*** Source material Section Begins ***

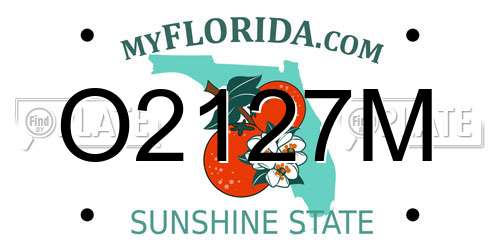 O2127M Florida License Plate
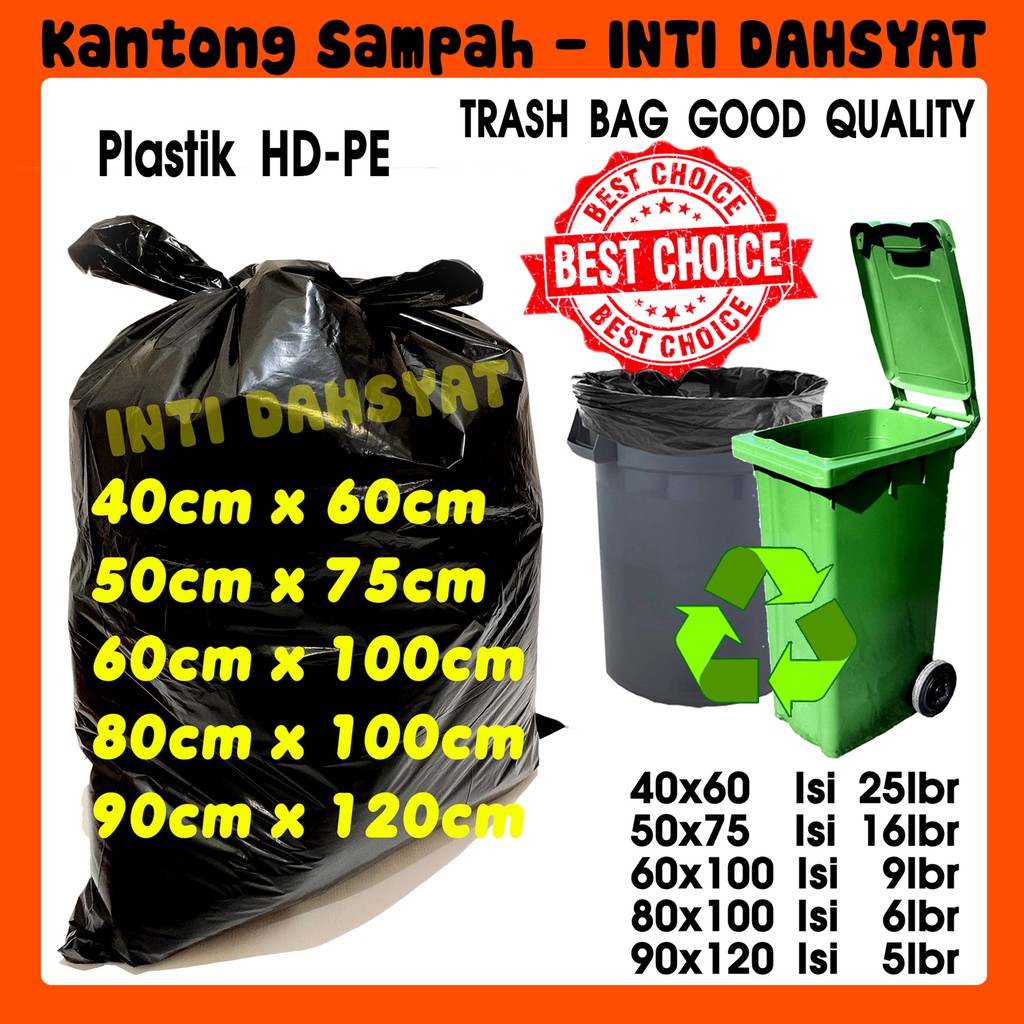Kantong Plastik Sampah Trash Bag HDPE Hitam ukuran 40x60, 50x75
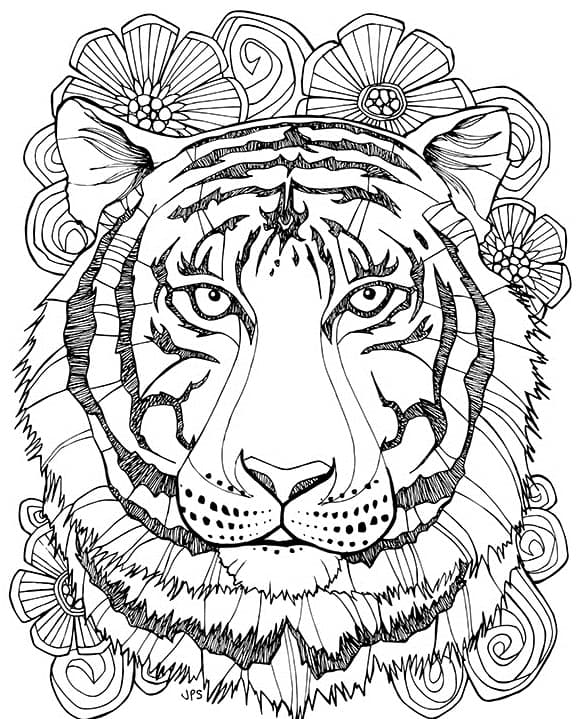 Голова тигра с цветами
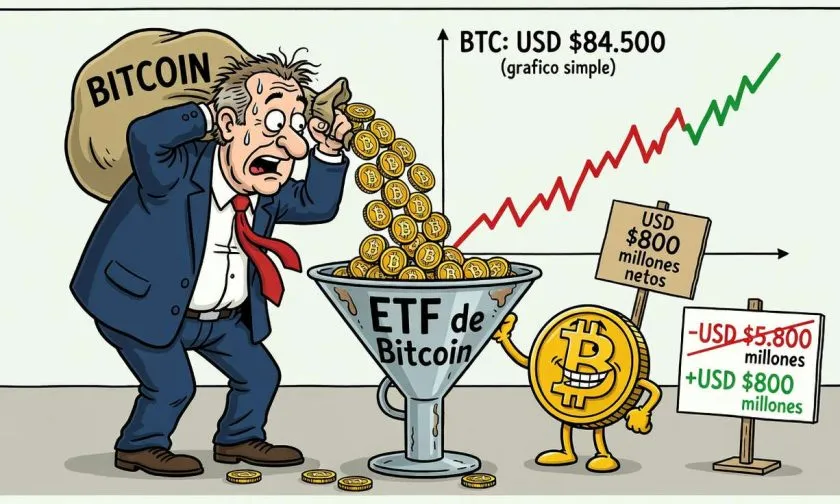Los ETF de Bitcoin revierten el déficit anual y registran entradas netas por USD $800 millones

*** Source material Section Ends ***

Write the listing again exactly, duplicating every line and skipping the pictures.

 O2127M Florida License Plate
Kantong Plastik Sampah Trash Bag HDPE Hitam ukuran 40x60, 50x75
 Голова тигра с цветами
Los ETF de Bitcoin revierten el déficit anual y registran entradas netas por USD $800 millones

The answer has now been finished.